In the new arrangement, The Zoo Story is preceded by Homelife, which looks in on the largely reactive character of Peter, from the earlier play, just before he takes up residence on a Central Park bench. There he will be accosted and regaled by the lonely, unstable Jerry, with his memorable tale of the primal love-hate struggle waged between himself and a craven canine. Homelife finds reticent textbook publisher Peter pulled into an uncomfortable conversation by his equally civilized wife, Ann, who is chafing at the “smooth voyage on a safe ship” the two have charted. She thinks now that she’d like some sexual chop, even some rage — which leads Peter to a disturbing confession that resonates into The Zoo Story.

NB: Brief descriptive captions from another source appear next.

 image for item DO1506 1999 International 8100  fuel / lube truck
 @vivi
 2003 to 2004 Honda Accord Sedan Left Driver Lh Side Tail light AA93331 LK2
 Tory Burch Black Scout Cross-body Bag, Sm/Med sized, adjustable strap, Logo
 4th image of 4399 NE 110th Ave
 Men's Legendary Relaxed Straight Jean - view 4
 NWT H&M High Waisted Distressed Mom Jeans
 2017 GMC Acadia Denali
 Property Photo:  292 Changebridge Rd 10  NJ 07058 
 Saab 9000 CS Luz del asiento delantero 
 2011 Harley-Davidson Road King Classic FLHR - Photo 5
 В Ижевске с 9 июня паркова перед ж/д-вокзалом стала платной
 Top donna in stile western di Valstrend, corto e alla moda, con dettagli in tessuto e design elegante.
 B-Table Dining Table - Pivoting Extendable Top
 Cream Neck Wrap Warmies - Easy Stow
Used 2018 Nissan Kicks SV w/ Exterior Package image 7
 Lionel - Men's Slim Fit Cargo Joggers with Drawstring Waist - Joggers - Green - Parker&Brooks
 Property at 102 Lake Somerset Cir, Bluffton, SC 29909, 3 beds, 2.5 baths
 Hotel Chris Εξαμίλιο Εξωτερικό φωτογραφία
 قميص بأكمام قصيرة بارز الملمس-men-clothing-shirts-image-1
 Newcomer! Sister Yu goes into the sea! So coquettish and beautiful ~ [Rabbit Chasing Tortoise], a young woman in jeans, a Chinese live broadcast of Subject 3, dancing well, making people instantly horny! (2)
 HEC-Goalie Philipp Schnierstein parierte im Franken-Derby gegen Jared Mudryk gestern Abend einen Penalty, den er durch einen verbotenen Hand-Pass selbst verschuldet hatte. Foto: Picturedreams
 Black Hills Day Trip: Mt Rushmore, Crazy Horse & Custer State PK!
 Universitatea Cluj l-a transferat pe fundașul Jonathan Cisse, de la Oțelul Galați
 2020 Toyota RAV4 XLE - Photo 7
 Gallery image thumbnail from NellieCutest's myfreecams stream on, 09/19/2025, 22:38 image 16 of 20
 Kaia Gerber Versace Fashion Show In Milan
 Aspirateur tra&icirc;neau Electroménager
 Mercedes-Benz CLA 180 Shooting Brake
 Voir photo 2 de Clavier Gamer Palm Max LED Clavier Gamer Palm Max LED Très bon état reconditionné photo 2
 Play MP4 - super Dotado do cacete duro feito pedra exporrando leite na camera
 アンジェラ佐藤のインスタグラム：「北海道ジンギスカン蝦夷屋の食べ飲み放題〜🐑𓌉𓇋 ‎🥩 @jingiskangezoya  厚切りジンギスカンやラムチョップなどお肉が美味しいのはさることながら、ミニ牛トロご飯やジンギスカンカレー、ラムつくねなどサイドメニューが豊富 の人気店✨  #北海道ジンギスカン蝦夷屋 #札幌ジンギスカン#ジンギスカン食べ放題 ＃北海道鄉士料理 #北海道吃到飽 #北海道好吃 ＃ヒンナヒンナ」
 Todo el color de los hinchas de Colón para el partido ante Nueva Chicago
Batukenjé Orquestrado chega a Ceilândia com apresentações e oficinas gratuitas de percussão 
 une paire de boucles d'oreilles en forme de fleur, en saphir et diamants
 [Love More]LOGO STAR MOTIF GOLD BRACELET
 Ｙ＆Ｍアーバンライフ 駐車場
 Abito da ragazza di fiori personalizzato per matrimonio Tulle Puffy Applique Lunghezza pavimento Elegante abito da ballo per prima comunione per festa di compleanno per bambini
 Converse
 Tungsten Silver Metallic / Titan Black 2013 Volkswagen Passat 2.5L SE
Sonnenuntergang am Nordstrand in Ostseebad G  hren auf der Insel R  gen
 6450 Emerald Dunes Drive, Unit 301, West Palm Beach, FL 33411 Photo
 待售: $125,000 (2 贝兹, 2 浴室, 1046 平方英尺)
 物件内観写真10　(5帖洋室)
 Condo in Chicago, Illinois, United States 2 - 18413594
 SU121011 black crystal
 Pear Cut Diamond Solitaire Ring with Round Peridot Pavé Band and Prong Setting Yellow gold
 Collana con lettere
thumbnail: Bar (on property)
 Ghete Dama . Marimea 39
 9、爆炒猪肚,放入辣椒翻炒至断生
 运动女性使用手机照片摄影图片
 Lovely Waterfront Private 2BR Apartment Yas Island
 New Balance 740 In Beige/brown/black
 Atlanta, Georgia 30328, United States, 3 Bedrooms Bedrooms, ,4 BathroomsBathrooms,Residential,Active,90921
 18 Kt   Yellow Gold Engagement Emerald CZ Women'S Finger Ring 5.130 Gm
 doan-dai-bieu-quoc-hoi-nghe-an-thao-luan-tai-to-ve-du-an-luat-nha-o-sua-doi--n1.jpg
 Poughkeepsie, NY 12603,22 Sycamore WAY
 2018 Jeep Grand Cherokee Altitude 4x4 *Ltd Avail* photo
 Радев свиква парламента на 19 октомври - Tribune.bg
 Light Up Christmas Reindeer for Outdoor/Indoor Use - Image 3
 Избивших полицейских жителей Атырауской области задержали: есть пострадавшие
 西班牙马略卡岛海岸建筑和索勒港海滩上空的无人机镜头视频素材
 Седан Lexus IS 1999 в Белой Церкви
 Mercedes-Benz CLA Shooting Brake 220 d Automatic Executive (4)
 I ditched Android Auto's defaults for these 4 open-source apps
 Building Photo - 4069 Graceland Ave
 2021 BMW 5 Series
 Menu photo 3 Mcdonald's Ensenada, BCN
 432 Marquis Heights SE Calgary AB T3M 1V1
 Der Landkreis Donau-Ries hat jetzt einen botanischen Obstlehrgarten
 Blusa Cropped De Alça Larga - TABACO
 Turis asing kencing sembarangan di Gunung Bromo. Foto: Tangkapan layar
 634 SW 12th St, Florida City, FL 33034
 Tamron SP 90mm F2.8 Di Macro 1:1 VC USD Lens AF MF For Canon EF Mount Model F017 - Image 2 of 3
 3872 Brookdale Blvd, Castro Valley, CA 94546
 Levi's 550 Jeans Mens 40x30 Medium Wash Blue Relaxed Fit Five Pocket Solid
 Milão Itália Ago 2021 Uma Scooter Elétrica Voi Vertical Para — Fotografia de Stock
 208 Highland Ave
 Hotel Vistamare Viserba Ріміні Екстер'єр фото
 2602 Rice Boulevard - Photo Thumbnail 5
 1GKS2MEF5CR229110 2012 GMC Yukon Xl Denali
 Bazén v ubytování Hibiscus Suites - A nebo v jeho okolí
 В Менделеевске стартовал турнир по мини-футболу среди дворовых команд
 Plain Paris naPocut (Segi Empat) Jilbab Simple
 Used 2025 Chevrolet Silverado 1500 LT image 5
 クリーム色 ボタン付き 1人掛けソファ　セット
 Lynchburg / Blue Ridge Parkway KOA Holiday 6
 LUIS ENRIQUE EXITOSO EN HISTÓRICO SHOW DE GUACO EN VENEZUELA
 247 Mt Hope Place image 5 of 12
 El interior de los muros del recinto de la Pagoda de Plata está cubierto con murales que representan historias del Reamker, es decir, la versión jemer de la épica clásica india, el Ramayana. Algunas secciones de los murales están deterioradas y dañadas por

The two plays are quite different in tone, the newer one carefully crafted, the more famous one an act of bravura that doesn’t take a lot of time thinking about itself. Still, when I first saw the pairing, then called Peter and Jerry, in its world premiere by Hartford Stage, I thought the stiltedly performed Homelife too arch for its own good, with wordplay and marital revelation given about equal weight. David J. Miller’s quieter staging, with its honest but reserved performances by Peter Brown and Christine Power, is more disarming. But Miller, sharing the directorial reins with Naeemah A. White-Peppers, has chosen to cast himself in the role of logorrheic loner Jerry in The Zoo Story, and he isn’t up to it. Miller embraces the “weariness” Albee attributes to the character and adds a sort of hangdog aggression. Still, there’s slackness where the bristle ought to be. Even at 29, Albee could supply all the verbal acuity you need. But when it comes to body language, Miller’s a man of few words.